Sparkling blue waters, endless stretches of golden or silver sand, sun beams dancing through the swaying palms, waves playing with the sand dunes, a cool breeze whispering sweet nothings in your ear. This is the land of Ganpatipule, one of Maharashtra's almost virgin beaches.
Nestled in the greenery is a nearly 4000 year old landmark the Swayambhu Ganpati Temple (Swayambhu means a self-originated idol, Ganapati). It is flooded by thousands of devotees and tourists every year. Ganpatipule, the Lord of the 'ganas' or army and "pule" means sand dunes. It is one of the 'Ashta Ganapatis' (eight Ganpatis) of India and is known as 'Paschim Dwar Dewata' (Western Sentinel God).
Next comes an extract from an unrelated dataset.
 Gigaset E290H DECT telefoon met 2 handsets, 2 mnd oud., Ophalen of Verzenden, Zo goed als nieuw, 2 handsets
Ganapatipule is a small village, serene, sedate and unspoilt. The beach here is still natural and pristine as ever. And travelling by road is an experience by itself. The vast 'Konkan stretch abounds with scenic greenery There are narrow mud-roads, the earth is red and the roofed houses with clean courtyards add a quaint touch to the panorama. The local vegetation includes fruit-bearing trees like mango, betelnut, banana, jackfruit, coconut etc.
The entire western coast is covered with these trees. The locals are as warm and cheerful as their surroundings. Ever ready to chat with the visitors and make them feel at home.
These god-fearing local devotees take a "Pradakshina" around the hill where the temple is located, not just around the temple.
Pradakshina is a form of showing obeisance. The devotees walk in a circle around the idol of the Lord or around the temple, (the house of the Lord).